“This is the Associated Press report that both Donald Trump and Hillary Clinton have now responded to that 85, Hillary Clinton, when she was secretary of state, met with 85 major donors to the Clinton Foundation. They gave something like in total $156 million to the foundation. How is that not paying for access?” host Alisyn Camerota asked Begala.
“How is it?” Begala said.
“They paid money and they got to meet with the secretary of state,” Camerota said.
“And who were they and what did they get? This really infuriates me,” Begala said.
Begala repeatedly talked over Camerota in the interview.
He even made the claim that the Clinton Foundation “keeps millions of people alive.”
The London Daily Mail said Clinton’s campaign “went into spin mode Wednesday, calling the AP’s report an exercise in ‘cherry-picking.'”
“Chief strategist Joel Benenson said the Associated Press report was ‘cherry-picking’ Clinton’s long-hidden schedules from her time as secretary of state,” the report said. “Campaign manager Robby Mook used the exact same word to describe the blockbuster article that dominated Tuesday afternoon’s news cycle.”
Trump campaign policy director Stephen said in an email: “Secretary Clinton, you claim the AP report is an incomplete accounting of your meetings. Why don’t you clear up any problems with the AP report by releasing all of your schedules from while you were in charge of the State Department?”
Trump’s opinion?
“It is a total embarrassment if our secretary of state can be bought or bribed or sold.”
The International Business Times also presented some interesting points.
“In May, the Wall Street Journal reported that the Clinton Foundation ‘set up a financial commitment that benefited a for-profit company part-owned by people with ties to the Clintons.'”

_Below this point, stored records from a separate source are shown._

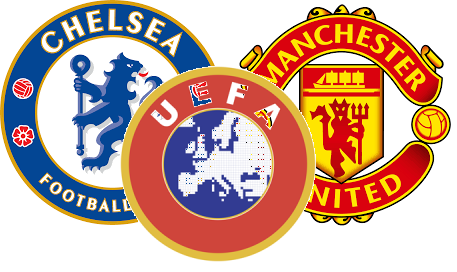 Cosa succede se Man United vince Europa League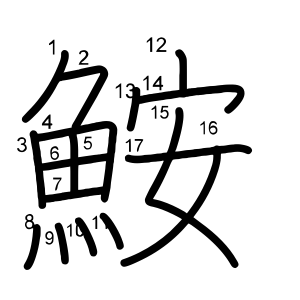 鮟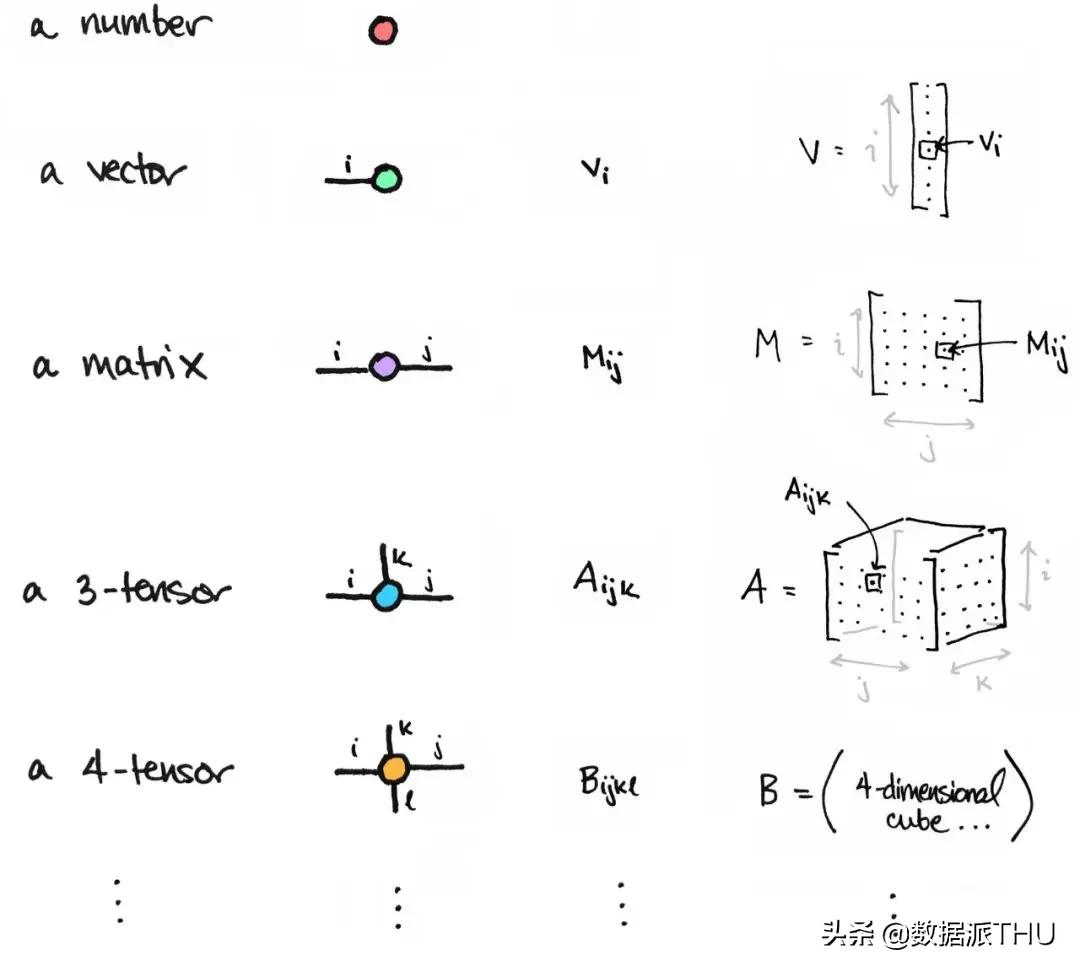 NLP领域最前沿的研究成果,资料最新各领域nlp论文汇总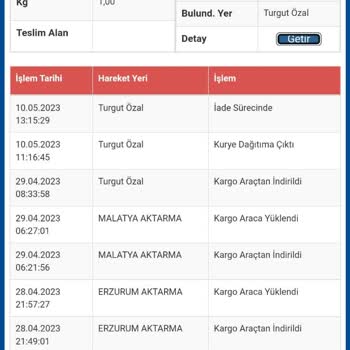 Sürat Kargo Pişmanlıktır İki Sefer Mağdur Edildim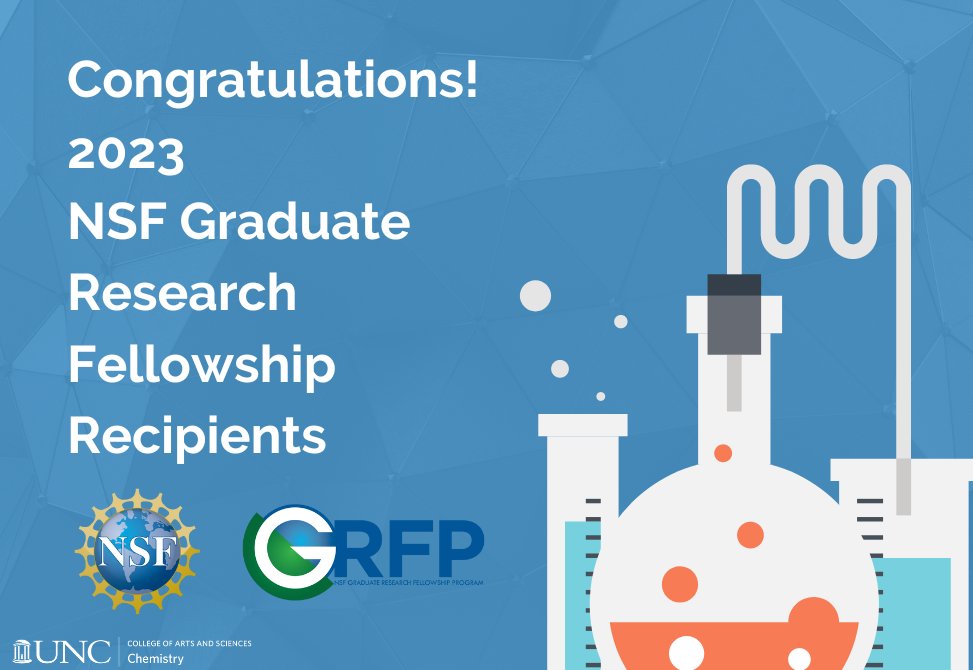 Congrats to our grad students Samantha Clouthier, Justine Drappeau, Don McTaggart, Caroline Mohler, Evan Stair, Olivia Steiner, Charles Teeples and Sydney Towell, recipients of the #NSFGRFP!❤️The fellowships recognize outstanding grad students. Read more: chem.unc.edu/?p=24763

The benefit was $812,000, but the Journal noted, “Under federal law, tax-exempt charitable organizations aren’t supposed to act in anyone’s private interest but instead in the public interest.”
And it reported in 2010, Clinton “pushed Russia to approve a $3.7 billion purchase from Boeing.”
“Two months after the deal was solidified, reported the [Washington Post], Boeing announced a $900,000 contribution to the Clinton Foundation.
“A 2015 analysis by Vox found that ‘at least 181 companies, individuals, and foreign governments that have given to the Clinton Foundation also lobbied the State Department when Hillary Clinton ran the place.’ IBT reported that Bill Clinton was paid more than $2.5 million by firms that were lobbying Hillary Clinton’s department.”
The report also has details on a coal deal involving Morocco, Algeria and Colombia.
The result, the IBT said, was a “new political firestorm.”
David Horsey at the Los Angeles Times wrote of the foundation and its donors, “No doubt good intentions were involved, but, at least for some donors, there was also an interest in getting access to a former president of the Untied States and a possible future president – and at least a secretary of state.”
He continued: “In politics donations buy access. Senators and members of Congress spend an obscene share of their days in office begging for campaign contributions and then many more hours hosting those contributors in private meetings. A secretary of state should be above that. Even though Clinton, herself, did not solicit donations, her husband did and, especially when the money came from foreign powers, that raises concerns both about ethics and foreign policy.
“Appearances are important, even if intentions are pure.”